Like a Duck to Water: Spotlight on the Military Life of Alumna Geraldine Cox

Geraldine Cox (1918 – 1988) was a small town girl from Washington, North Carolina, but she accomplished a great deal during her multiple careers. Cox entered the Woman’s College of the University of North Carolina (now UNCG) in 1935 and earned her degree in English four years later. Directly after graduation, with plans to become a librarian, she enrolled in the School of Library Science at the University of North Carolina at Chapel Hill. Her career as a librarian took her as far afield as Salt Lake City, where she worked at the University of Utah. Letters home spoke of her enjoyment of the library work, skiing lessons on the weekend, and her interest in Red Cross work.

Geraldine Cox, US WAAC

The prior year of her life had seen many changes. Not only had she moved across the country in search of a new career, but the United States had entered World War II. Perhaps, it was her involvement with the Red Cross that led her to enlist in the Women’s Army Auxiliary Corps (WAAC) only a month after it was formed as the women’s branch of the United States Army.
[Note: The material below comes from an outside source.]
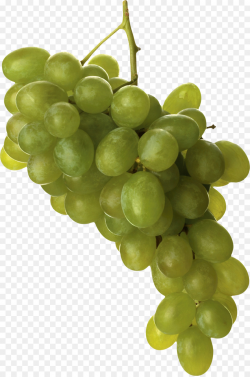 Grape Cartoon clipart - Grape, Juice, Fruit, transparent ...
Joining the WAACs in the summer of 1942, she went through training at Fort Des Moines, Iowa, and was later transferred to Daytona, Florida, where she worked as a training instructor in the Motor Transportation Division. Cox test drove tanks and jeeps, and instructed other WAACs how to drive and care for large Army trucks. She was amazed that, in many cases, the smaller, frailer women made the best drivers.

Periodically, she wrote Miss Clara Byrd, the Alumnae Secretary at Woman’s College, to keep her up-to -date about her activities. One note expressed how well-suited she was to military life and compared her Army training to her college experiences. She wrote honestly of her belief that her academic education had fallen short. She believed that the applicable education and training that she received in the Army better prepared her for life’s challenges than a liberal education focusing on “manners and culture,” both integral parts of a 1930s woman’s education. Her letter even commented that “there’s much in the education and handling of women that educators could learn to their profit from the Army.” Perhaps reflecting her feelings about her past college experiences, she found in the Army an impartial environment, where “neither money, social position, or graces count.” 

Senior Photograph and Notation from the 1939 Pine Needles Yearbook (p. 48)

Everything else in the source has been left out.